(Dataset entries)
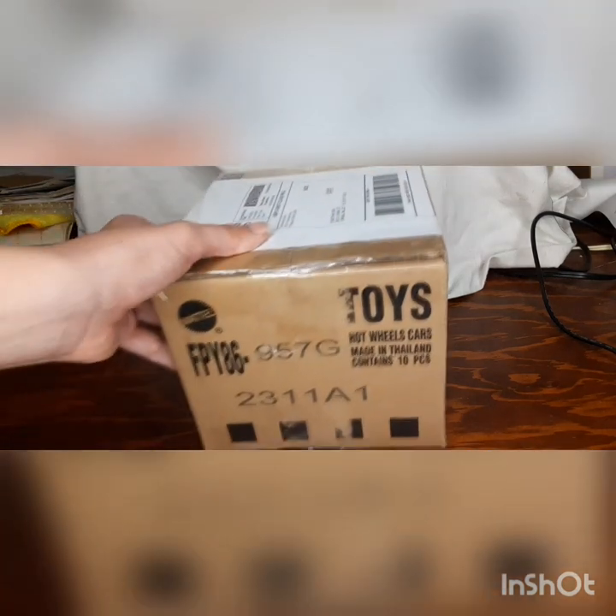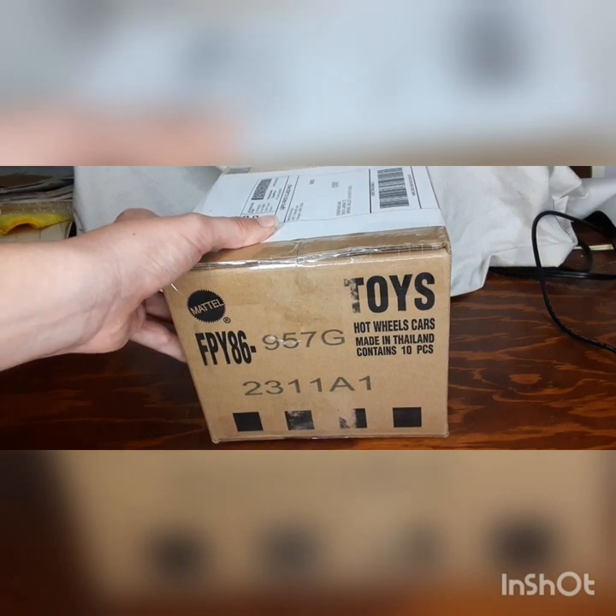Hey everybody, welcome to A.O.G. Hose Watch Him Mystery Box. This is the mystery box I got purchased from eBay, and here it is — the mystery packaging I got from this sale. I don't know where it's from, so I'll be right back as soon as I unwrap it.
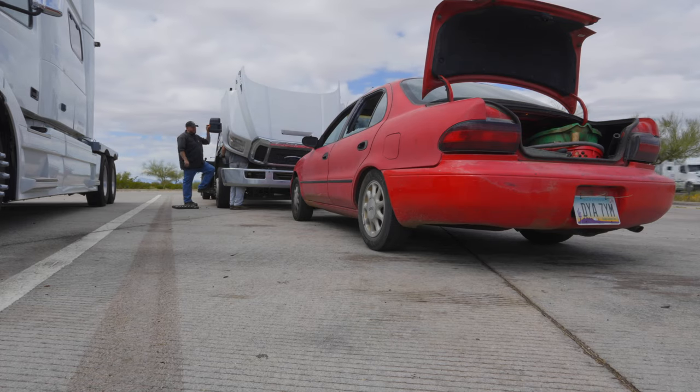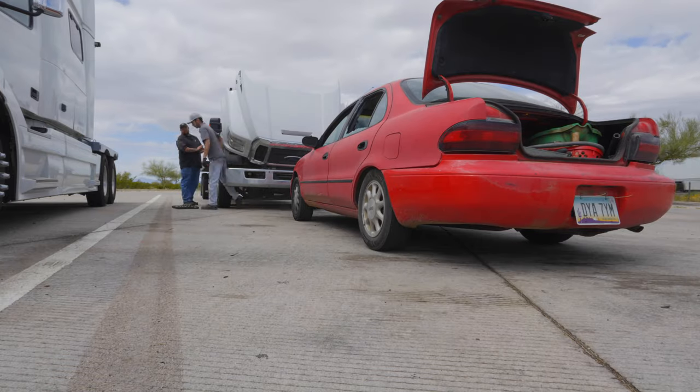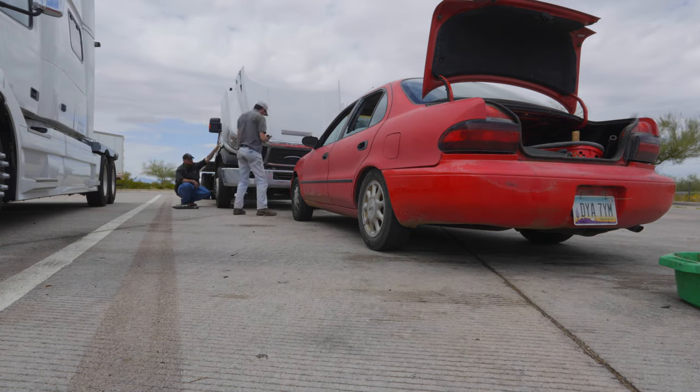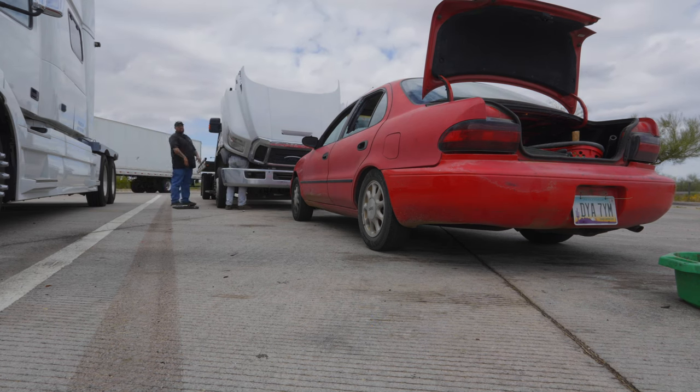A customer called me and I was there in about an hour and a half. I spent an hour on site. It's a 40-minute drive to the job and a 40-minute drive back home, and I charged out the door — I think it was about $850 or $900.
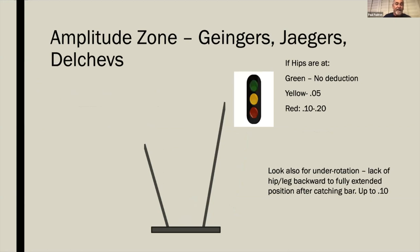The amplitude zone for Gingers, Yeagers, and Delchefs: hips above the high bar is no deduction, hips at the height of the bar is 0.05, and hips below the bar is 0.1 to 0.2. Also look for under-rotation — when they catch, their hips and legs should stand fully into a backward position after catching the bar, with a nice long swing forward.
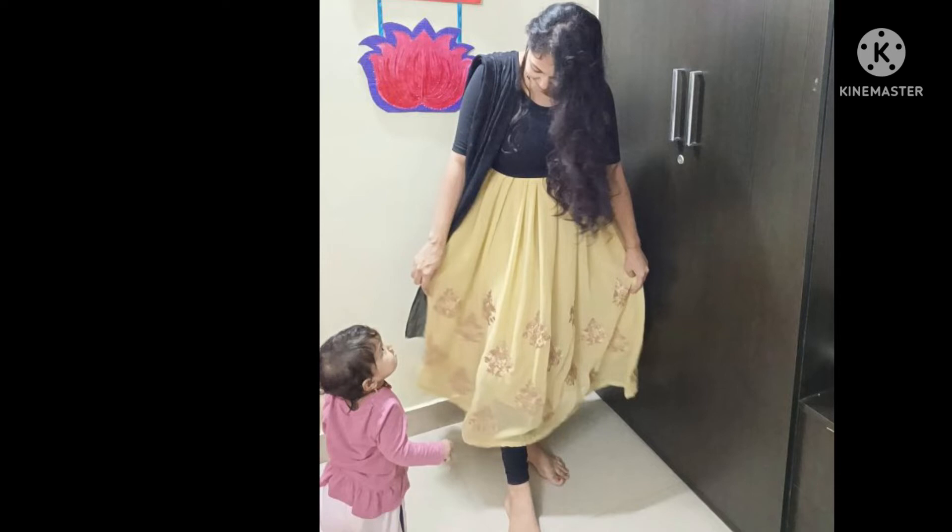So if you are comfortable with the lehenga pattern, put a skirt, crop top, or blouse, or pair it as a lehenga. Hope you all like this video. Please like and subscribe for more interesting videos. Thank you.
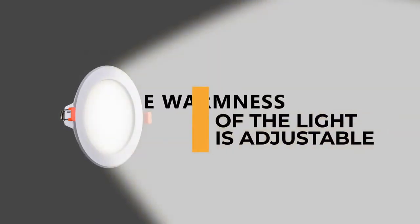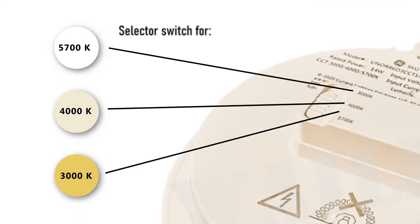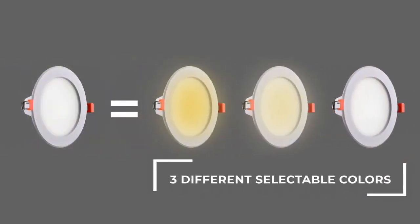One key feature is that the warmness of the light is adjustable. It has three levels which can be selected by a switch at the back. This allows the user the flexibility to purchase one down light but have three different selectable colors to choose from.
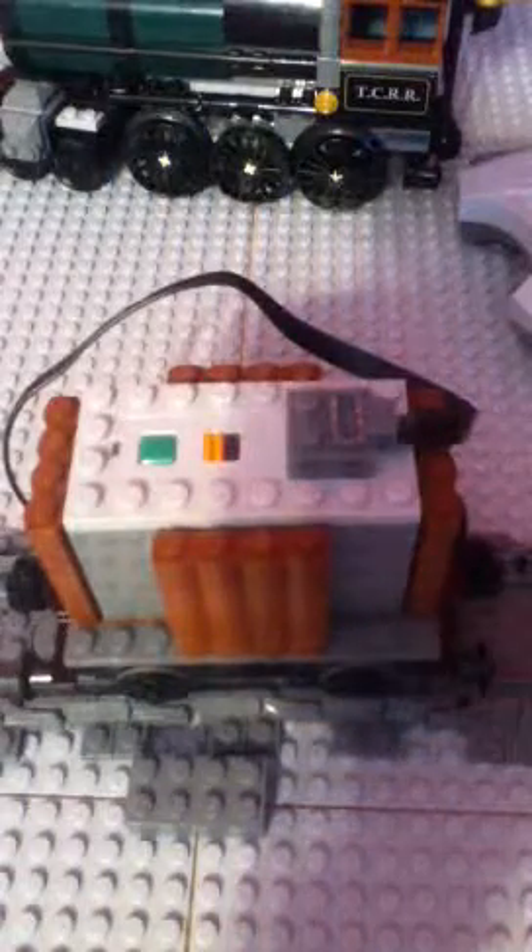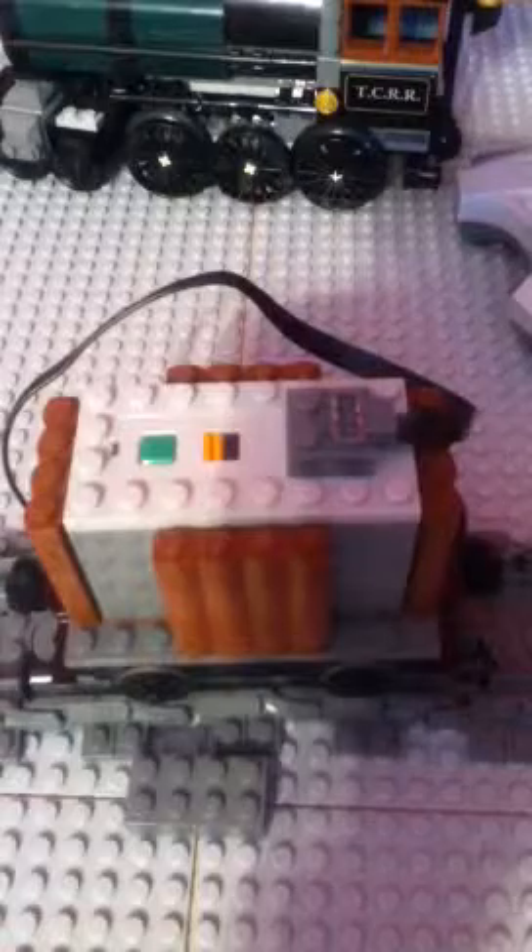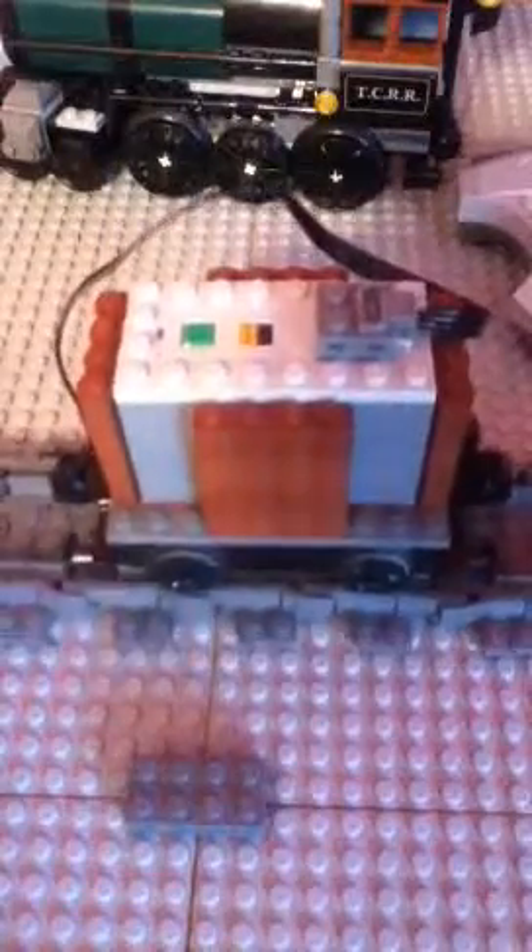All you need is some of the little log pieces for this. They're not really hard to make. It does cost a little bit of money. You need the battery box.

Task to complete:
Transcribe exactly, please, the lines between the start of the records above and the line holding "A customer called", counting both of those lines and omitting pictures.

Result of the exercise:
Hey everybody, welcome to A.O.G. Hose Watch Him Mystery Box. This is the mystery box I got purchased from eBay, and here it is — the mystery packaging I got from this sale. I don't know where it's from, so I'll be right back as soon as I unwrap it.
A customer called me and I was there in about an hour and a half. I spent an hour on site. It's a 40-minute drive to the job and a 40-minute drive back home, and I charged out the door — I think it was about $850 or $900.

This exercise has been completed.